INFORMATION SHOWN:
-=-=-=-=-
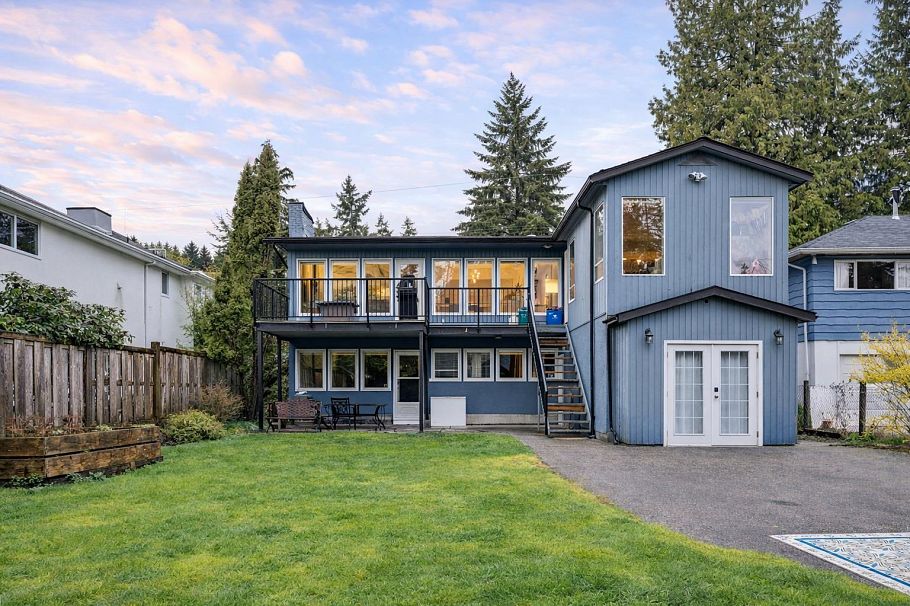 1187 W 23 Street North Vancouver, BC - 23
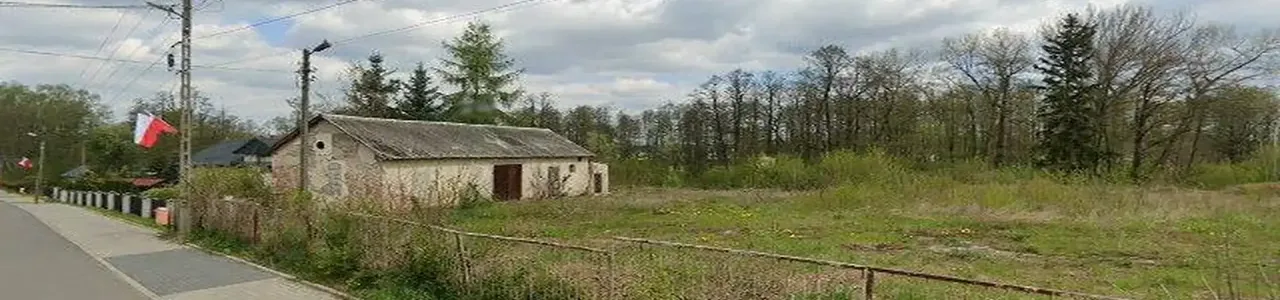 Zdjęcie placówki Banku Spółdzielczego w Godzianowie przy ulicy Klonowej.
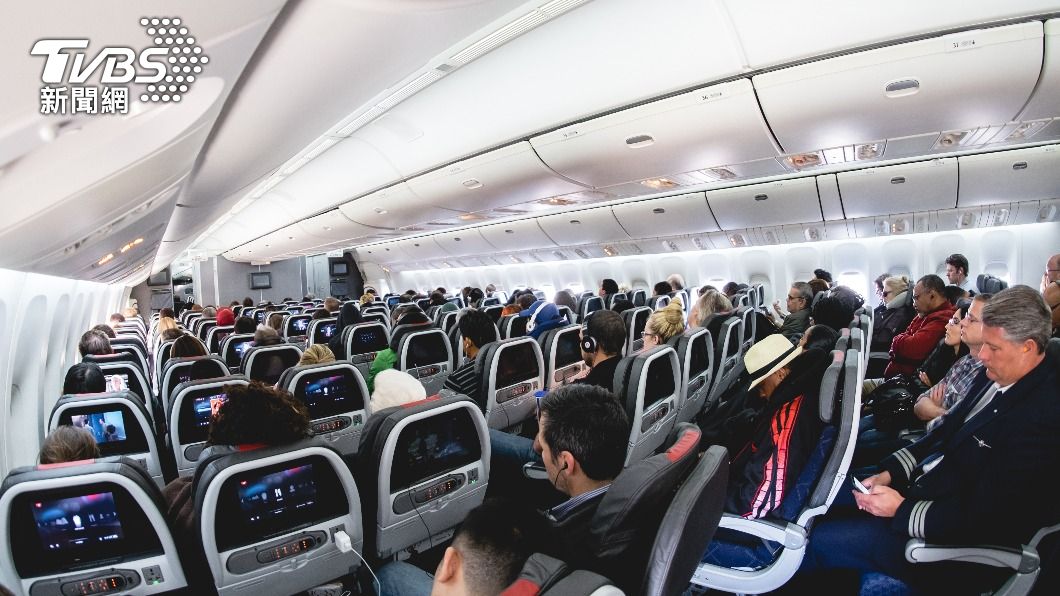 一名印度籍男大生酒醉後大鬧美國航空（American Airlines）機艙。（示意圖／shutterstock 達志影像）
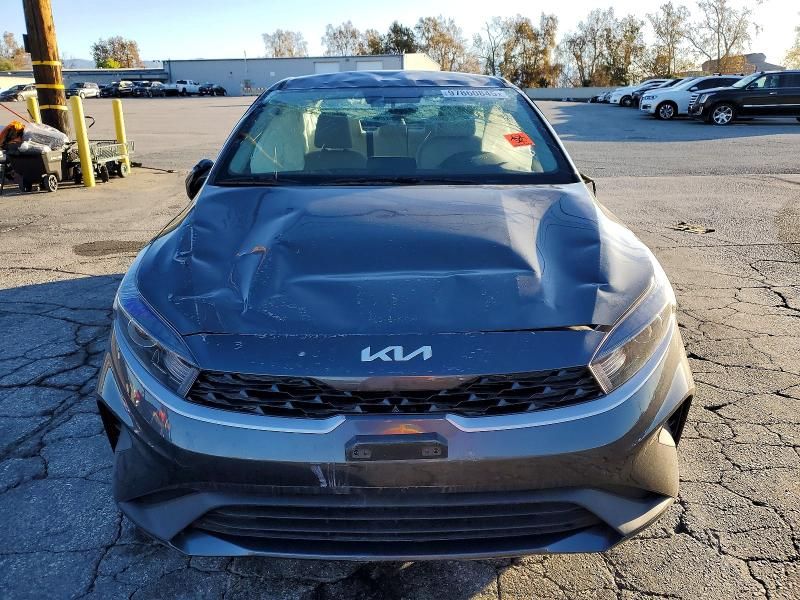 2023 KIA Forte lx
-=-=-=-=-
TASK ITEM: Every line of the material above should be repeated exactly, except for the pictures.

PROBLEM SOLUTION:
 1187 W 23 Street North Vancouver, BC - 23
 Zdjęcie placówki Banku Spółdzielczego w Godzianowie przy ulicy Klonowej.
 一名印度籍男大生酒醉後大鬧美國航空（American Airlines）機艙。（示意圖／shutterstock 達志影像）
 2023 KIA Forte lx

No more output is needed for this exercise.